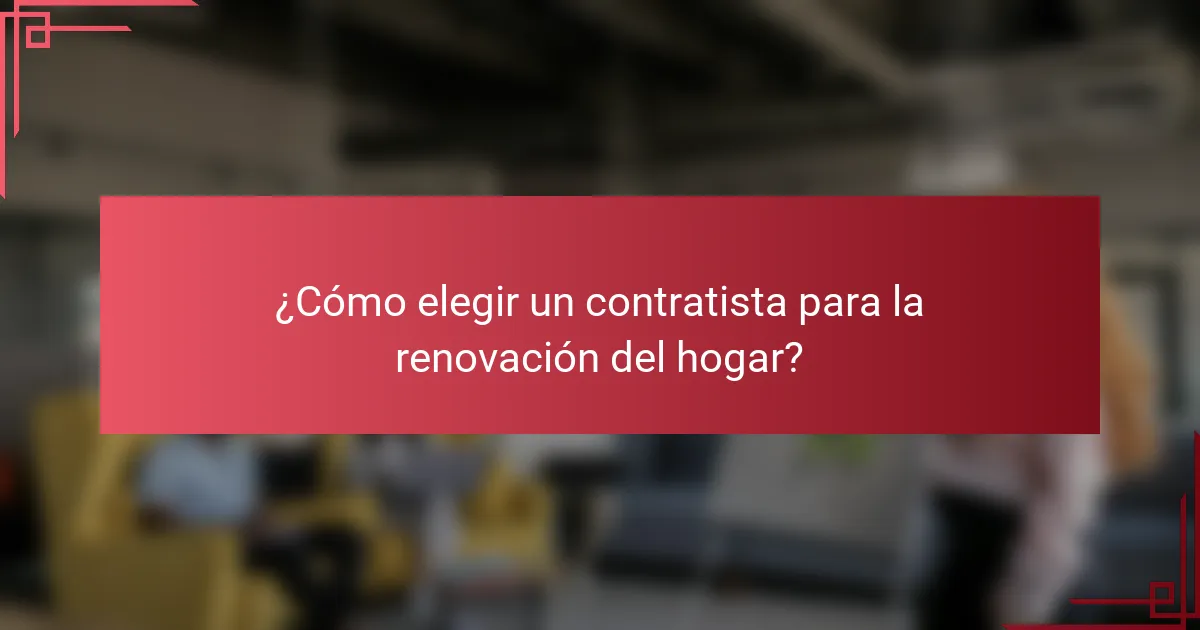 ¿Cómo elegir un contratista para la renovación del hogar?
...
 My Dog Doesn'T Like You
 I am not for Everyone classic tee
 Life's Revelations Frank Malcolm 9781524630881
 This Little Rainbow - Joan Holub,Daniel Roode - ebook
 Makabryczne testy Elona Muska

**TASK:** Produce only the lines from the line containing "My Dog Doesn'T Like You" through the line containing "Makabryczne testy Elona Muska", inclusive of both, exactly as they stand in the entries above.

**ANSWER TO THIS EXERCISE:**
 My Dog Doesn'T Like You
 I am not for Everyone classic tee
 Life's Revelations Frank Malcolm 9781524630881
 This Little Rainbow - Joan Holub,Daniel Roode - ebook
 Makabryczne testy Elona Muska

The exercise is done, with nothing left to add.